M. Augustin Bonrepaux a regretté de ne pas avoir pu poser au ministre d'État, ministre de l'Économie, des Finances et de l'Industrie, lors de son audition de la veille par la Commission, la question du financement des contrats de plan État-régions. Des inquiétudes majeures sur la pérennité des engagements de l'État nécessitent que la Commission s'occupe rapidement de ce problème. Quand le Rapporteur spécial concerné fera-t-il une communication sur le sujet ? Quand est-ce qu'une mission d'information, réclamée par l'opposition depuis déjà huit mois, sera enfin constituée ?

M. Louis Giscard d'Estaing a indiqué qu'il sera amené à présenter à la Commission, en tant que Rapporteur spécial des crédits de l'aménagement du territoire, une communication, le 26 mai prochain, sur le suivi des contrats de plan État-régions. Par ailleurs, des éléments se trouvent déjà dans les rapports spéciaux 2003 et 2004, concernant notamment le FNADT.

Le Président Pierre Méhaignerie a estimé que les contrats de plan n'ont jamais été exécutés en totalité depuis 25 ans. Pour autant, il faut faire preuve de transparence sur cette question essentielle. A ce titre, le Président de la délégation à l'aménagement et au développement durable du territoire, M. Émile Blessig, a demandé à être associé aux travaux de la Commission.
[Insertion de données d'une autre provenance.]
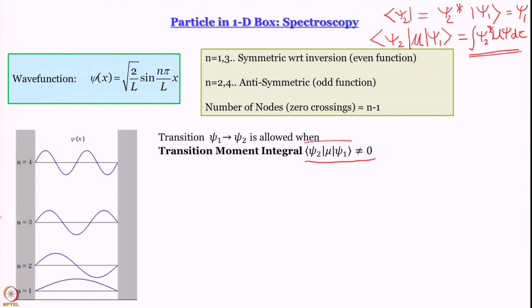The condition for the transition to be allowed is that the transition moment integral must be non-zero. To determine this, we are going to use the symmetry properties of the wave functions. One can plug in the expressions for wave functions and compute the integral the hard way, but many times symmetry arguments let us determine whether the integral is zero or not without working through the full calculation. We only need to know whether the integral is zero or non-zero, and symmetry gives us a shortcut.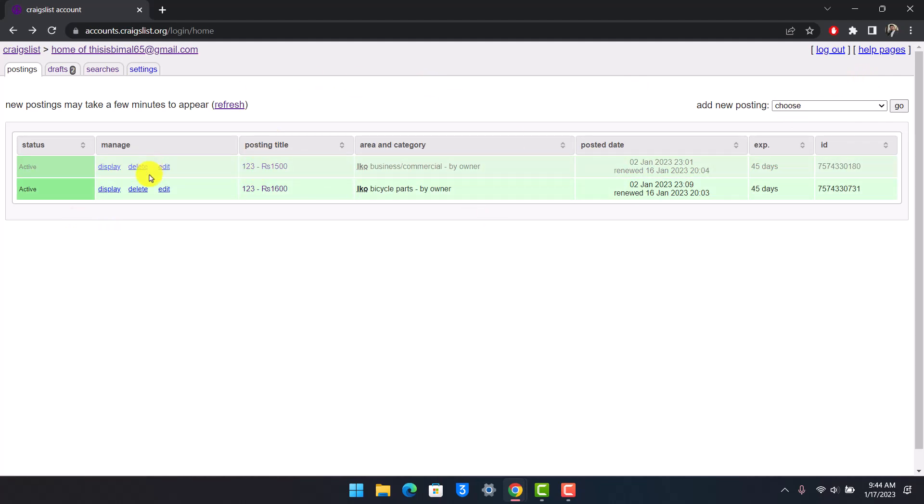But keep in mind that if you do not do that, you will not be able to get it on top because Craigslist does not have a way to pay and get your ad on top. That is not how Craigslist works—it is a completely free platform. So instead you can renew it, or you can delete it and then post a new one with the similar details.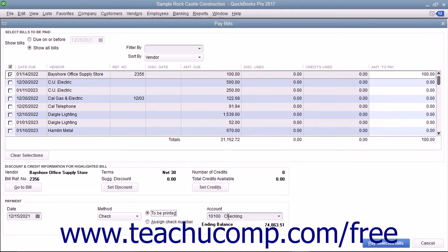When you are finished setting your payment method, click the Pay Selected Bills button to pay the checked bills in this window.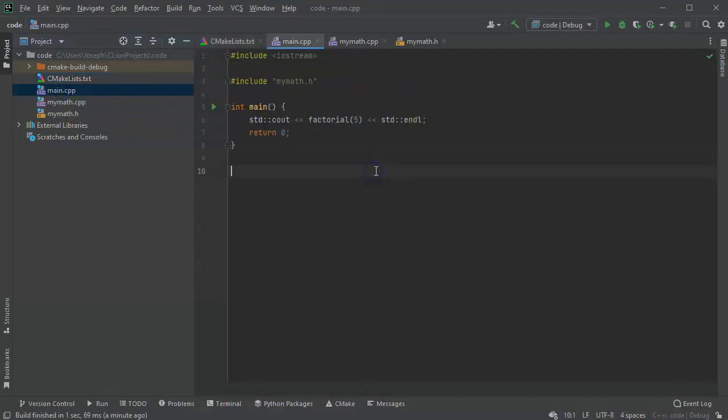So I hope that helps you with function definitions, declarations, and header files.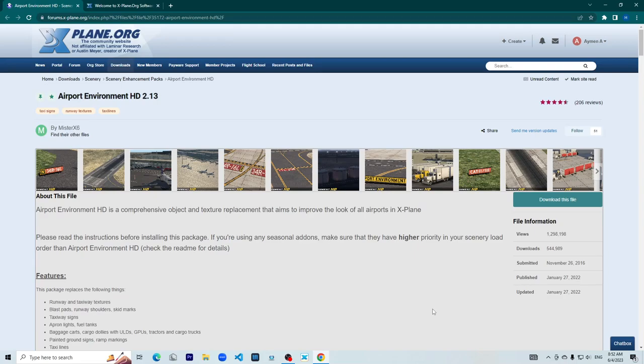Yo, what is up everyone, it is Emine here. In this Flight Sim tutorial I'm going to show you how to install Airport Environmental HD in X-Plane 12.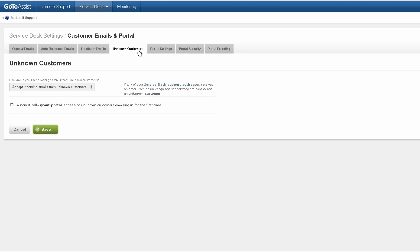Unknown customers. This is where you allow customers to create their own accounts by sending an email to a specific address.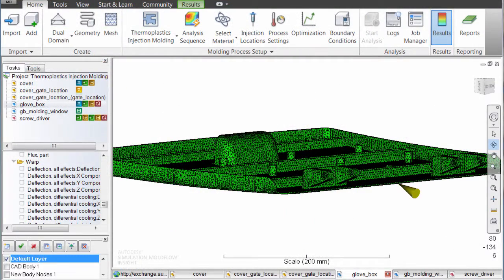The user interface walks you through the simulation setup. Once the design has been imported from the CAD package, we create a mesh to describe the part accurately and provide the basis for the simulation.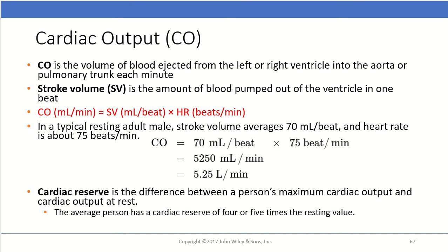The cardiac reserve is the difference between a person's maximum cardiac output and the cardiac output at rest. The average person has a cardiac reserve of about 4 to 5 times the resting value versus the maximum cardiac output.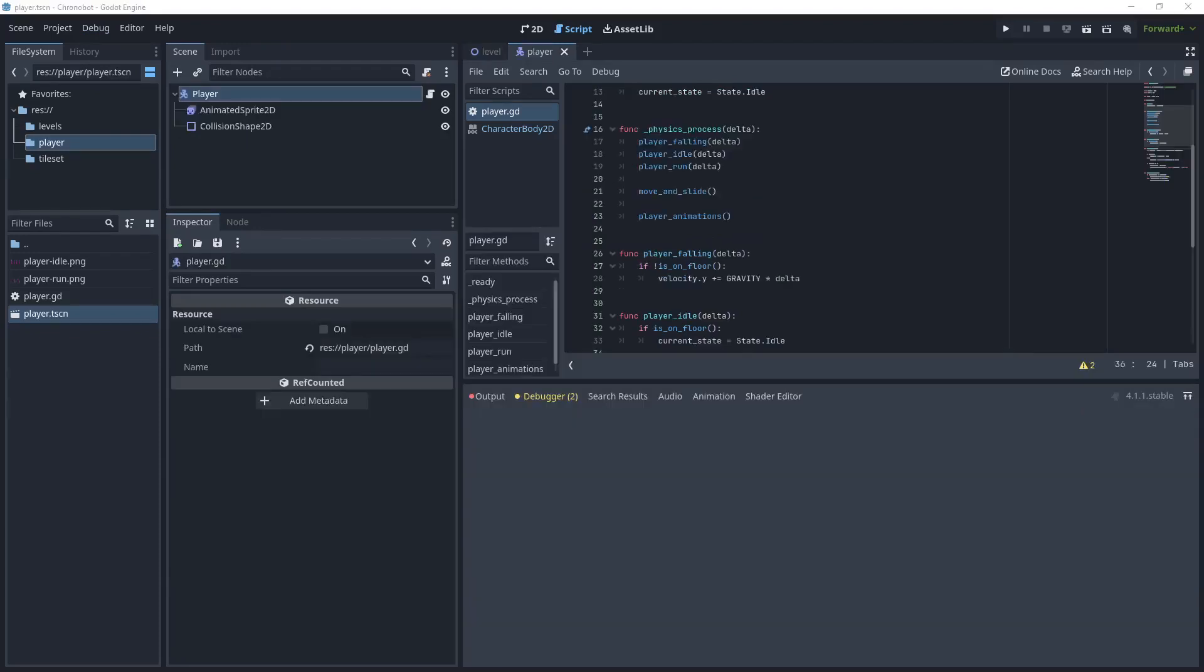Now this brings us to the end of the short tutorial on how to create the player idle state. Watch the next tutorial where I create the player run state. Remember, if you like what you've seen in this tutorial, click like and subscribe. Thank you for watching.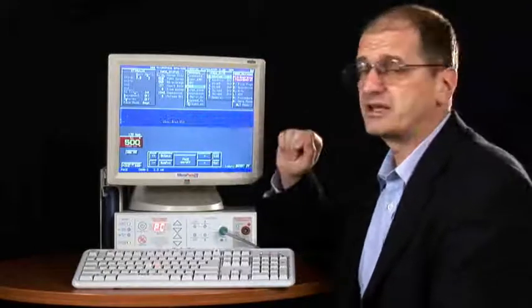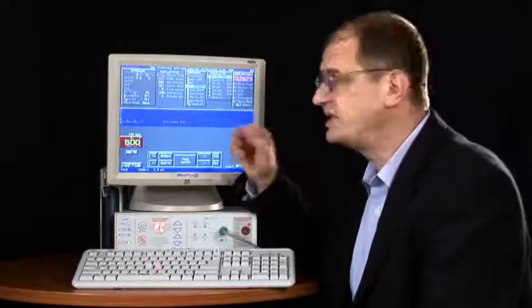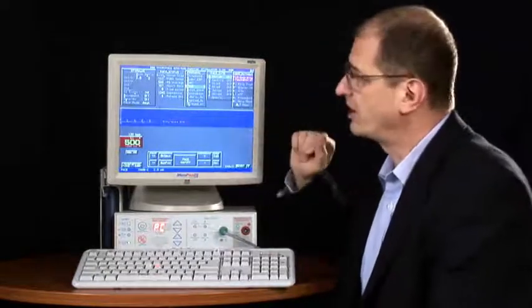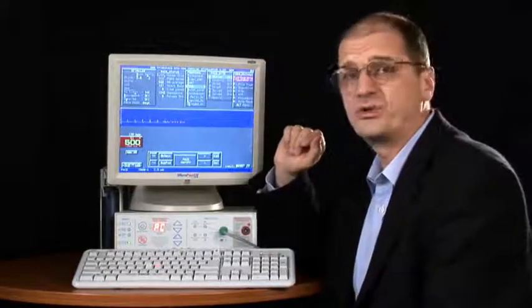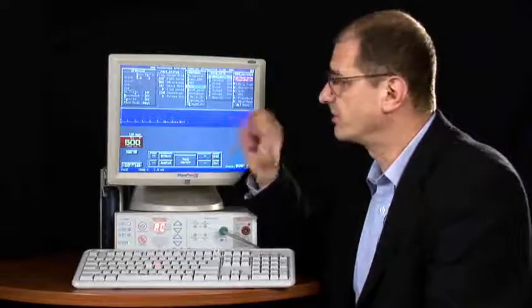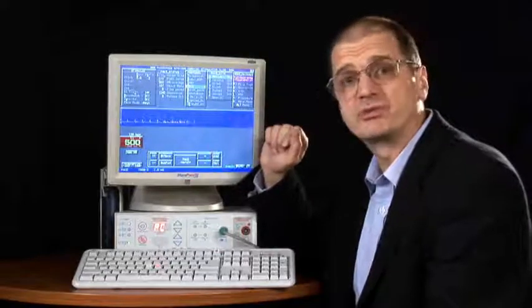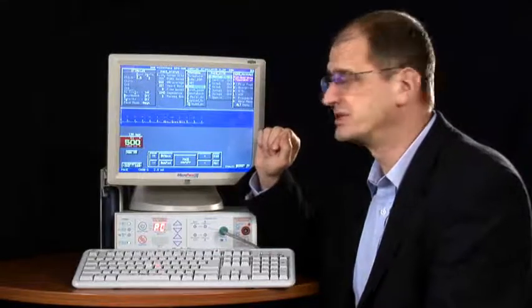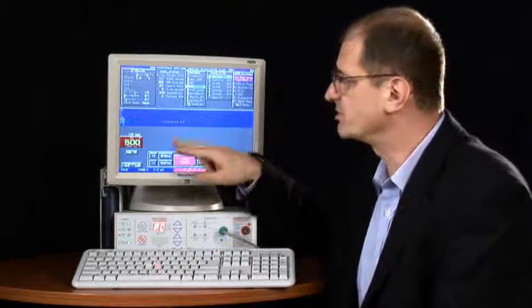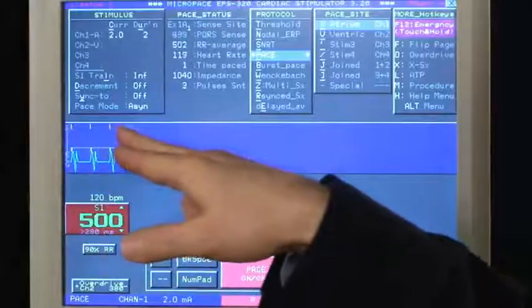In the middle is an ECG graphical bar which shows you the evoked response, as well as the stimuli when you are stimulating, as you can see there.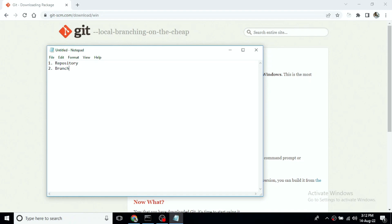The third term is 'master.' By default, as a convention, we call the source branch 'master.' There is a default name called master. So if you create a repository and push it, that is the default master branch.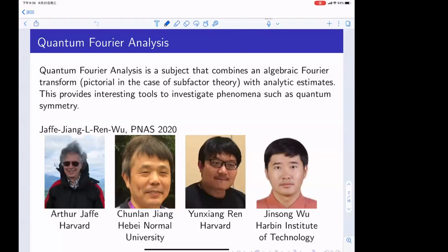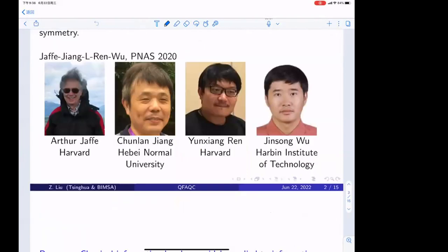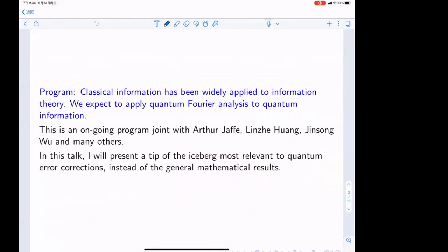Our motivation is to study something like quantum symmetry, like subfactors or category theory. In this talk, I won't talk about the most general version, but I will talk about the part most relevant to quantum information. We really want to have a quantization of the application from Fourier analysis to information theory. This talk is based on recent discussions with Jeffy, Linzhe, Huang, and many others, and focuses on the corner of the work most relevant to quantum error corrections.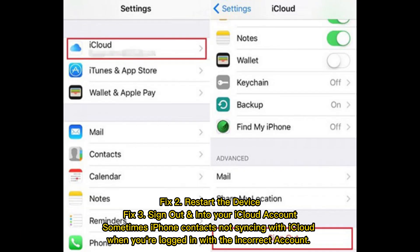Fix 2: Restart the device. Fix 3: Sign out and into your iCloud account.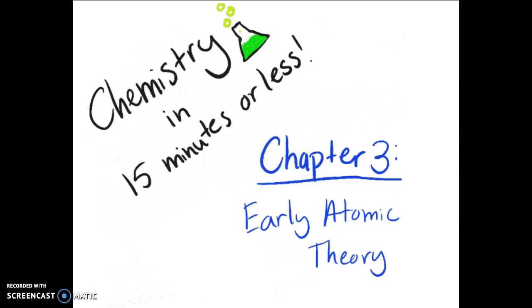Hello and welcome to episode 3 of Chemistry in 15 minutes or less. My name is Audra and this review session is on chapter 3, Early Atomic Theory.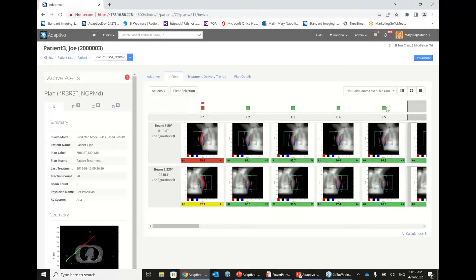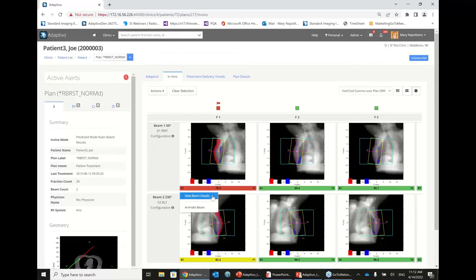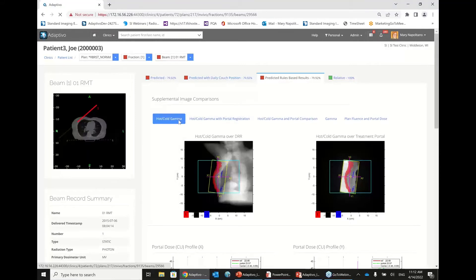Opening Joe Patient 3, we're looking at the hot/cold gammas over the plan DRR. You can see in this region there is a hot gamma failure, and some cold gamma failures here as well. Adaptivo shows both beams at this time. The gamma is calculated in the traditional manner, but with a multiplier of minus one or one depending on whether it's a hot or cold failure, which makes problem solving quite a bit easier when reviewing results.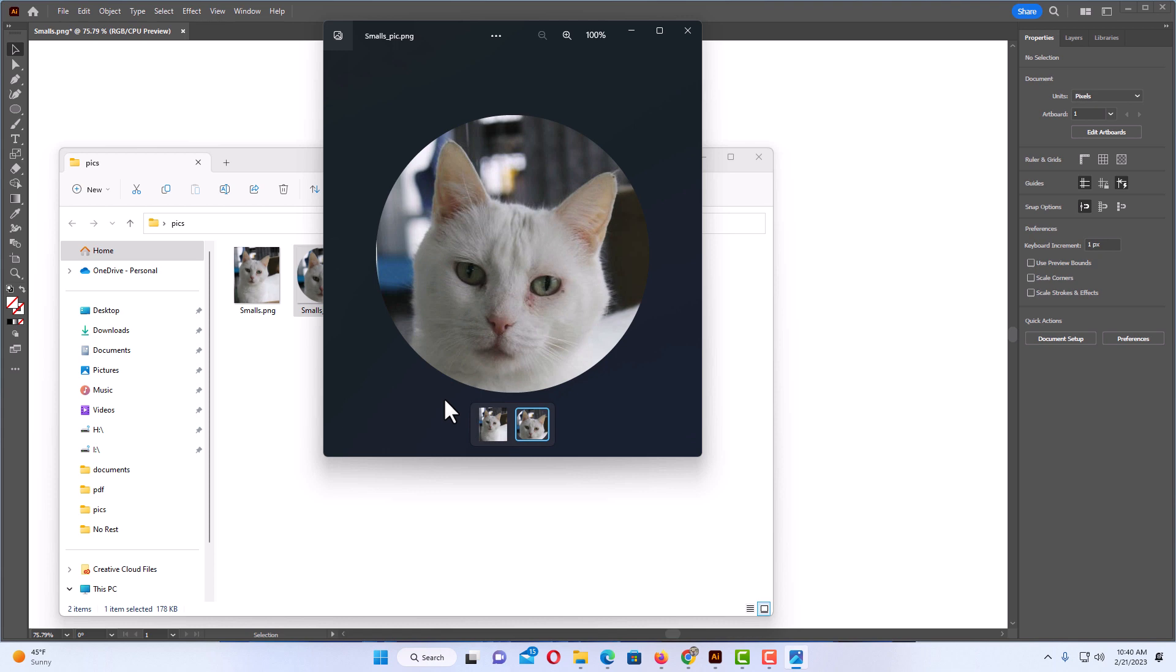That is how to crop an image into a circle using Adobe Illustrator. Thanks for watchin'.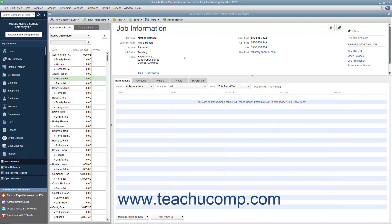An estimate is a preliminary sales proposal that is often created for a customer's job. You can create multiple estimates for each customer or each job. If the customer accepts an estimate, you can create an invoice from the estimate, changing it as needed.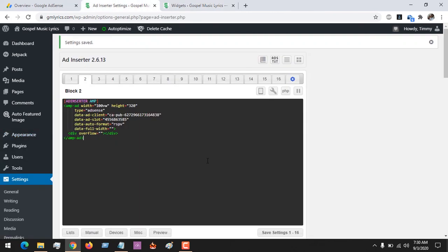Then you choose the size and everything. Hope with this you've learned how to place AMP ads on your WordPress site using the plugin Ad Inserter. Please like, share, and subscribe to About Device for more tech-related tutorials. Thank you.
Celle-ci sera amenée à décider de la suite à donner à cette étude lorsqu'elle lui sera présentée.

M. Augustin Bonrepaux a trouvé tardive la présentation de la communication du Rapporteur spécial à la Commission, compte tenu des informations remontant du terrain qui laissent à penser que de nombreux travaux prévus dans le cadre de ces contrats ont dû être ralentis. Il est important de garantir leur exécution, car il en va de l'équipement en infrastructures du pays.

M. Michel Bouvard a précisé que M. Nicolas Sarkozy a répondu hier à la Commission quant à un gel « intelligent » de crédits. Cela signifie que le gel de crédits d'État ne doit pas avoir pour conséquence d'obliger les collectivités locales à augmenter leur participation pour respecter la programmation des travaux.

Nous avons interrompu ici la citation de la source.